■ **EXERCISE GOAL**: Look through the data below and extract, unchanged, the lines from the one that contains "O-TBDPS-D-Thr-N-Boc-L-tert-Leu-Diphenylphosphine Structural" to the one that contains "Table Lamp with", both included.

■ **WORKING DATA**:

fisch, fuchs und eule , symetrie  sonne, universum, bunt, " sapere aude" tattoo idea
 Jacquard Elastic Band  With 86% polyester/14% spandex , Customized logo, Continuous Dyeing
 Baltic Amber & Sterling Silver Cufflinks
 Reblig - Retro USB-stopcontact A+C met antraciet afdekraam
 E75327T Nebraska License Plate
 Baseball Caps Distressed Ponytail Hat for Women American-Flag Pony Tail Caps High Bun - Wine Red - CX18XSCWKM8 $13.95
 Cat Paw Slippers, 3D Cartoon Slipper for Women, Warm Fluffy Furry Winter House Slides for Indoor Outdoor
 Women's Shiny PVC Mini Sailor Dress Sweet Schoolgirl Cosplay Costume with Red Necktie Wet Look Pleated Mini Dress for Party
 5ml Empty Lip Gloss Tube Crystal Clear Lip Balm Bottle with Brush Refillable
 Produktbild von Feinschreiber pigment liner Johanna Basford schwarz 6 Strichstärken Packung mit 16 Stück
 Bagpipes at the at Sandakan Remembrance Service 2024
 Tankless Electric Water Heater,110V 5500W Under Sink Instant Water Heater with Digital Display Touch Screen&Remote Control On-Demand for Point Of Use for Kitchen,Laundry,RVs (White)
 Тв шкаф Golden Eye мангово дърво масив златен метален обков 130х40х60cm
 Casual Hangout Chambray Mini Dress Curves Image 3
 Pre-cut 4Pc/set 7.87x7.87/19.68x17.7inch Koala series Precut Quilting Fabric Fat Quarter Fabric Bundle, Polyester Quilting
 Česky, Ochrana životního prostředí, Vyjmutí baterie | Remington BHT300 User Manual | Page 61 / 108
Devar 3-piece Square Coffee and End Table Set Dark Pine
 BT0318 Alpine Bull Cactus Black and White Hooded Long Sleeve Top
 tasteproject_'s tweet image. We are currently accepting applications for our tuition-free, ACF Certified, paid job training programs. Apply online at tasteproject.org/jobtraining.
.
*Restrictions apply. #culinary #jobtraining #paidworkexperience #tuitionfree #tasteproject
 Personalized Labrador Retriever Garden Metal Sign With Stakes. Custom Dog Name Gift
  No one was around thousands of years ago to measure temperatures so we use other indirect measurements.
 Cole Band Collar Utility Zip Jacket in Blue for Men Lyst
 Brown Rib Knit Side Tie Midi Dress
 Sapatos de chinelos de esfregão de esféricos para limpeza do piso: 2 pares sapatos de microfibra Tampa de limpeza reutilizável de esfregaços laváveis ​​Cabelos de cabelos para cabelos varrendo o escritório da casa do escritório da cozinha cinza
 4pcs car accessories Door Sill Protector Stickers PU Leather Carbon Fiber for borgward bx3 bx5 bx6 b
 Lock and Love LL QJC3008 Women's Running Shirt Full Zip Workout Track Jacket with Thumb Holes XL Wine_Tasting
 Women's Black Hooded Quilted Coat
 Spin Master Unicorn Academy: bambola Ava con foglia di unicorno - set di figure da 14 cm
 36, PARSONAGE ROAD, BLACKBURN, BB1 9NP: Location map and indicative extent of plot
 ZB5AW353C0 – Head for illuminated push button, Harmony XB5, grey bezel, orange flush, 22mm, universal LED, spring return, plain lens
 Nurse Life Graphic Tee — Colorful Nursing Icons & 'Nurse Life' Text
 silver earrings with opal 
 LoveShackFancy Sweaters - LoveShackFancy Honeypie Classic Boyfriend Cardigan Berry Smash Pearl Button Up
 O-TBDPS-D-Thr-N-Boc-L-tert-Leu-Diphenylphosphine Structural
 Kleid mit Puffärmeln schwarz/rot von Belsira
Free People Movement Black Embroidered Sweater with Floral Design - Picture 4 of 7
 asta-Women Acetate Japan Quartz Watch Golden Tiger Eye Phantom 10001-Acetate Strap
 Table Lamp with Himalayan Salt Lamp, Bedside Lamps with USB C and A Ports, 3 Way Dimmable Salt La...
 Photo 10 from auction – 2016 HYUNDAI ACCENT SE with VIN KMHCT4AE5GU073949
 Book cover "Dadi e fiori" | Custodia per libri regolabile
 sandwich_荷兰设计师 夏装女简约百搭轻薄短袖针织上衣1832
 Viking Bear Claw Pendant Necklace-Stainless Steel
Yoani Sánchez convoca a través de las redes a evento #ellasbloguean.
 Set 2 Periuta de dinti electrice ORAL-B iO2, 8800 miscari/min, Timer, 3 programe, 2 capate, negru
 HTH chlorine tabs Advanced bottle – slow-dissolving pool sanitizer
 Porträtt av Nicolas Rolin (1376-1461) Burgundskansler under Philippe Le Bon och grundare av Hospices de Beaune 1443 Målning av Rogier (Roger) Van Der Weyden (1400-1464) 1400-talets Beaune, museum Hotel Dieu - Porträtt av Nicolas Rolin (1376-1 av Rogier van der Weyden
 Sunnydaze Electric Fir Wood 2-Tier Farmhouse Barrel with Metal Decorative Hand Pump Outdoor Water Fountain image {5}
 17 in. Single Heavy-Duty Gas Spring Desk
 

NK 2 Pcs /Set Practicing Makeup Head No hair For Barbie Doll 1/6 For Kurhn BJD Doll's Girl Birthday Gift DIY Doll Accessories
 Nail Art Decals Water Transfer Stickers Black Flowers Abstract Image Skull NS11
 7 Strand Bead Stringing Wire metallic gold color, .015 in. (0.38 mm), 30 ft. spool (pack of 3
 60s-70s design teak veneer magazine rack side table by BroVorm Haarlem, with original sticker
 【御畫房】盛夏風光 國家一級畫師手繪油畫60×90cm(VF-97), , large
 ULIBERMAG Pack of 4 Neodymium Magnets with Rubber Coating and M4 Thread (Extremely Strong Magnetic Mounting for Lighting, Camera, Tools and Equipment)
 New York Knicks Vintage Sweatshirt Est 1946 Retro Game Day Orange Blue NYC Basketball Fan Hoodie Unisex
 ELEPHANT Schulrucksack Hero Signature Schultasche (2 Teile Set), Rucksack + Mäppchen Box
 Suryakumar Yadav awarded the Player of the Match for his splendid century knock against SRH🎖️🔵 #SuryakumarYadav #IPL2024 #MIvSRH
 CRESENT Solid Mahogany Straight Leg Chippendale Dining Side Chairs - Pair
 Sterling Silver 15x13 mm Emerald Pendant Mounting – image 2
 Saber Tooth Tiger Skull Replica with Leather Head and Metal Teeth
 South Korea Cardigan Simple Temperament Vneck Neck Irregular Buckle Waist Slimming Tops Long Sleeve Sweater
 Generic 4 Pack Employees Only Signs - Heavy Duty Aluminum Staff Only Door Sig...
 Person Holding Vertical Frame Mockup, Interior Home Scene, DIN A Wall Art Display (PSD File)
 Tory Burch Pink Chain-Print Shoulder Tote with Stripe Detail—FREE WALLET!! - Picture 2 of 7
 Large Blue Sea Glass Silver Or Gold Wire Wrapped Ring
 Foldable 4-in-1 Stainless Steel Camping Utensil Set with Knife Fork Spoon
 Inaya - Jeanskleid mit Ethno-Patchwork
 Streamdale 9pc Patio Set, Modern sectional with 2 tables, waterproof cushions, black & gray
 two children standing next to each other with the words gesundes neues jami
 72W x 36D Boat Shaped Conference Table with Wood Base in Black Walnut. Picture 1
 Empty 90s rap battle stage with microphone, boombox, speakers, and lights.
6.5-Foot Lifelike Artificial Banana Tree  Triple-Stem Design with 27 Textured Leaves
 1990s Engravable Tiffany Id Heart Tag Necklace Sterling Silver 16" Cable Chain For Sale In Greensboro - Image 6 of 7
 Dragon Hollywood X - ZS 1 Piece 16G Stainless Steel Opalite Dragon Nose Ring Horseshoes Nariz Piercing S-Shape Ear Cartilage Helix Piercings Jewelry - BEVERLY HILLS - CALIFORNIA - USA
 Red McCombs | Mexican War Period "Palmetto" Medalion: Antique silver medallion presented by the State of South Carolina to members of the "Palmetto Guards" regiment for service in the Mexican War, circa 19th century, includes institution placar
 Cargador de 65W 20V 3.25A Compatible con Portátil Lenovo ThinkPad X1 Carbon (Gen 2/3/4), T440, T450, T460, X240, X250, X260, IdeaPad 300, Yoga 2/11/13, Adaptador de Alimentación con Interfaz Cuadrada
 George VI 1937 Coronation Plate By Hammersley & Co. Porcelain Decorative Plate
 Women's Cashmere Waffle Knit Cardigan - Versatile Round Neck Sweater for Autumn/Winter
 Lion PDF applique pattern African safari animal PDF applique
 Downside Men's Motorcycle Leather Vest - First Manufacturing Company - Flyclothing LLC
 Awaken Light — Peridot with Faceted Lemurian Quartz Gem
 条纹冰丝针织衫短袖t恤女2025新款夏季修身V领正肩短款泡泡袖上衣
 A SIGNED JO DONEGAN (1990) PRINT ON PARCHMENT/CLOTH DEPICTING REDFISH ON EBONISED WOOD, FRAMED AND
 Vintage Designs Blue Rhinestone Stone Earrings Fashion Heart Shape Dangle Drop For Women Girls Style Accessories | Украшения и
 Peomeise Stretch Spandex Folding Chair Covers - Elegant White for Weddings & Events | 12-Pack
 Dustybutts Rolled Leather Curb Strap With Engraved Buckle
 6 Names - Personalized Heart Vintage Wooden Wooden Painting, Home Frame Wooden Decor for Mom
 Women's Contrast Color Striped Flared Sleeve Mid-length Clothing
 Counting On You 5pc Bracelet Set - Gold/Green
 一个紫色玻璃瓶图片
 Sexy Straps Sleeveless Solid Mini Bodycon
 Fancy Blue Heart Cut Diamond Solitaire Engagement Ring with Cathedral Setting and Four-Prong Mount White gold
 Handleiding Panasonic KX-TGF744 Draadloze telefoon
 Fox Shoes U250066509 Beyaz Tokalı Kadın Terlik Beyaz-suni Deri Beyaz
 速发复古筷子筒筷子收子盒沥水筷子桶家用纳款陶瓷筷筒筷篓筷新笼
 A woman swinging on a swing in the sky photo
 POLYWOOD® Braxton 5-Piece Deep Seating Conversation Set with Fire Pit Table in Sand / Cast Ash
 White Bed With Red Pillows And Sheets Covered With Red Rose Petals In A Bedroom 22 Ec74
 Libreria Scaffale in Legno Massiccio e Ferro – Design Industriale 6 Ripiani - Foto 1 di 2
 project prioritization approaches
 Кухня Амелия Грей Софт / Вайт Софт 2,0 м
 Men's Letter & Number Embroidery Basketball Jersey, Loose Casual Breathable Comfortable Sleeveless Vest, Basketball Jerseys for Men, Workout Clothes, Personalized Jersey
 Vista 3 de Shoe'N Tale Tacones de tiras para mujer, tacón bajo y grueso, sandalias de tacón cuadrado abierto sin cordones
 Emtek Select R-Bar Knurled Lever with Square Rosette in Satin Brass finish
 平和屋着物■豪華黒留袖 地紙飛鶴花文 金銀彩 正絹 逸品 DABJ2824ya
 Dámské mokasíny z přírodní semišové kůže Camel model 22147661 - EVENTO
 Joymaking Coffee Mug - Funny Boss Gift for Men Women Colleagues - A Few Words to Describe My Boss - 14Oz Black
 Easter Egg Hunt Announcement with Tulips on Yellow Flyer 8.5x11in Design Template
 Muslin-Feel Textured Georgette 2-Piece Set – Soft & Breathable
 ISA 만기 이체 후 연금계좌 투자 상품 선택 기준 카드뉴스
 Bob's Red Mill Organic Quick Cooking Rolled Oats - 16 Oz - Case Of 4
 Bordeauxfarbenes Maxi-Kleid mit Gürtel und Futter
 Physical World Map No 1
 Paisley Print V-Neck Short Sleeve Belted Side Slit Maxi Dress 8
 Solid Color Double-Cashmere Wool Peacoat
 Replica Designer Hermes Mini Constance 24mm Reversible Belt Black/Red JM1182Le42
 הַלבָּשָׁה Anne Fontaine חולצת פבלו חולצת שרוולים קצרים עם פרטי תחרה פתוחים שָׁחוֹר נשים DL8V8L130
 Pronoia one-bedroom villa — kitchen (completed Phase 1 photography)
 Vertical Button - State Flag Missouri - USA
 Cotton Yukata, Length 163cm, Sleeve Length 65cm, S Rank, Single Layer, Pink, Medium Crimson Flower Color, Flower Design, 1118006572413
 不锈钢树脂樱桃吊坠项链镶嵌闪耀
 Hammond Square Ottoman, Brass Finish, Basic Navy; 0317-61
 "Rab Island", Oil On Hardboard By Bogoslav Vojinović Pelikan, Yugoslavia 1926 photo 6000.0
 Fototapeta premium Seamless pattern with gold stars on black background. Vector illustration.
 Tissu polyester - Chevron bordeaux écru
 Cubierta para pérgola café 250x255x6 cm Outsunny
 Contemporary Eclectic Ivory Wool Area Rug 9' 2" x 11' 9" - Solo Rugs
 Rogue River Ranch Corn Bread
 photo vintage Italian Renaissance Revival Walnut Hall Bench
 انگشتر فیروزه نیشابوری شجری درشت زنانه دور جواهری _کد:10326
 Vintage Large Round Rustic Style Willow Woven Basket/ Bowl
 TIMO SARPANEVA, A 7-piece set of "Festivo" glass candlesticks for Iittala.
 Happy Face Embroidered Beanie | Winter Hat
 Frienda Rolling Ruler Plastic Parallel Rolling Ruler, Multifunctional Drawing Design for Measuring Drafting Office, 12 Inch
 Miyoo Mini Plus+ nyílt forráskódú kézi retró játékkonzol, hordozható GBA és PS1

■ **TASK ANSWER**:
 O-TBDPS-D-Thr-N-Boc-L-tert-Leu-Diphenylphosphine Structural
 Kleid mit Puffärmeln schwarz/rot von Belsira
Free People Movement Black Embroidered Sweater with Floral Design - Picture 4 of 7
 asta-Women Acetate Japan Quartz Watch Golden Tiger Eye Phantom 10001-Acetate Strap
 Table Lamp with Himalayan Salt Lamp, Bedside Lamps with USB C and A Ports, 3 Way Dimmable Salt La...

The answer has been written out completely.